Corruption unfortunately is a problem, as people are using state subsidies to buy goods cheap and sell them for private gain. In the first half of this year, the state found 240,000 violations of price controls.

These omens for conservative uprising are worsened by the tenuous hold the liberals maintain in the first place. This January, the conservatives proved their facility at regaining power when they forced out Deng's designated successor, Hu Youbang. Hu's progressive pronouncements sparked students to rally for greater democracy. This brought a heavy-handed conservative backlash against "bourgeois liberalism" which many feared would turn into another Cultural Revolution.

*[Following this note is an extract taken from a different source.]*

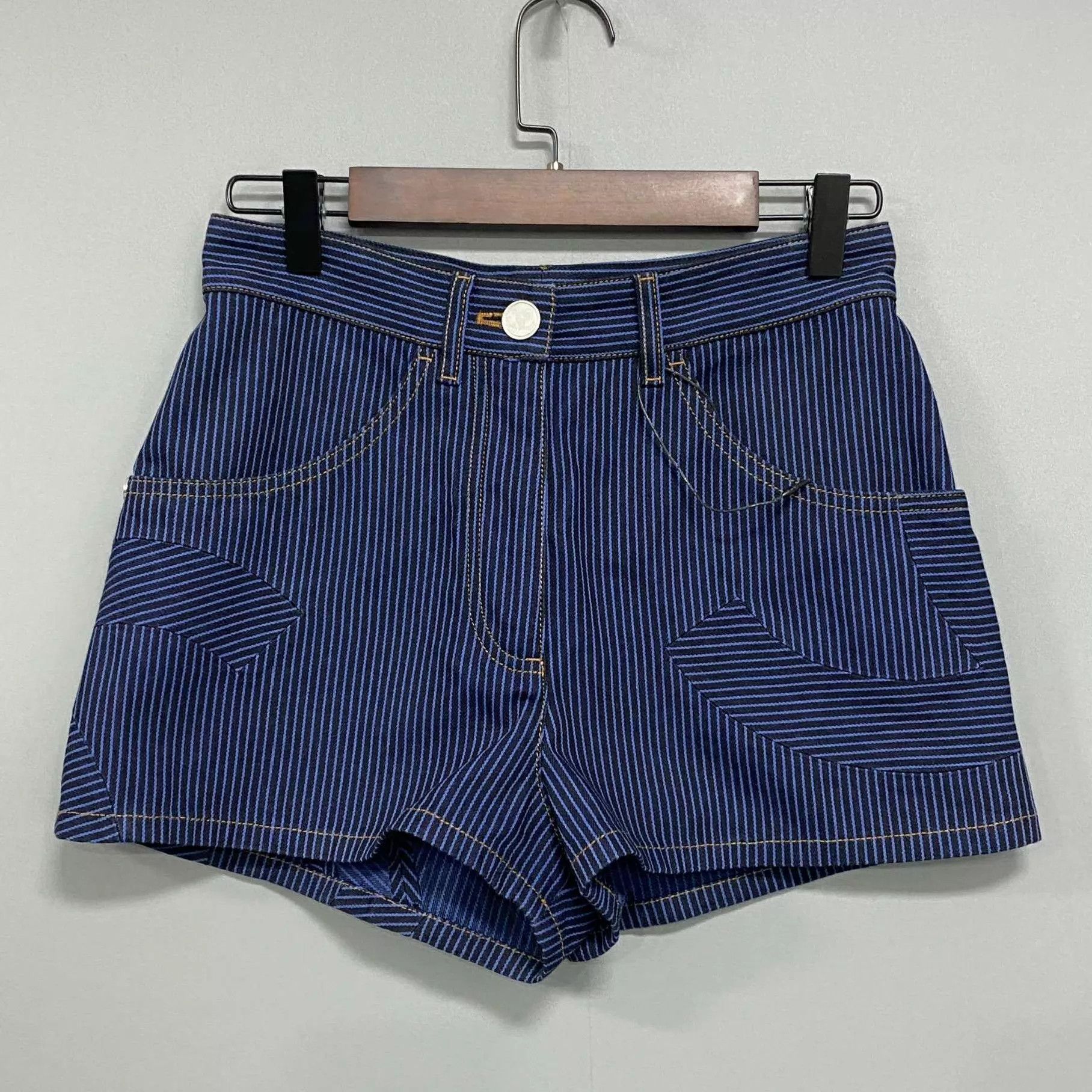 Chanel Chanel Women's Blue Stripe CC Logo Denim Shorts Size 25" / US 0 / IT 36 - 1 Thumbnail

And when the chips were down for reformers, Deng cowtowed to the conservatives to maintain his power--clamping down on protests and toning-down reforms. He held back on plans to reform the political structure, including separating the Communist party from day-to-day governing. Despite the best intentions, Deng was able to push his countrymen only so far.

The perspective is not entirely bleak, however. In Zhao's speech in the 13th Congress, the proposal to reform the political structure popped up. So much for the naysayers. The country knows what it needs to do--and it ought to get to it.

TODAY'S CHINA is not the rigid ideological model set up by Mao and Soviet planners in the 1950s. China is eager to break free from these strictures, as the doubling of its foreign trade and increase in its foreign investment to $2 billion during the last seven years indicates.

But the infusion of capital from abroad is on the line; investors have been scared off by inefficient bureaucracy and the conservative threat. Last year investments were half what they were a year earlier.

China has a lot to gain from continuing the reforms, aside from attracting the technical aid and investment that it desperately wants. An expanding economy can only boost China's position in the world power equation. As the world financial community awaits--and fears--Hong Kong's 1997 reunification with the mainland, a constricted party role in the economy can only help calm the transition.

Those who have most to gain from reforms are the 1 billion Chinese citizens. One-fourth are illiterate, and most have yet to benefit from the bounty in new production and construction. The world's most populous country owes it to itself to overcome the opposition and speed up the pace of reforms.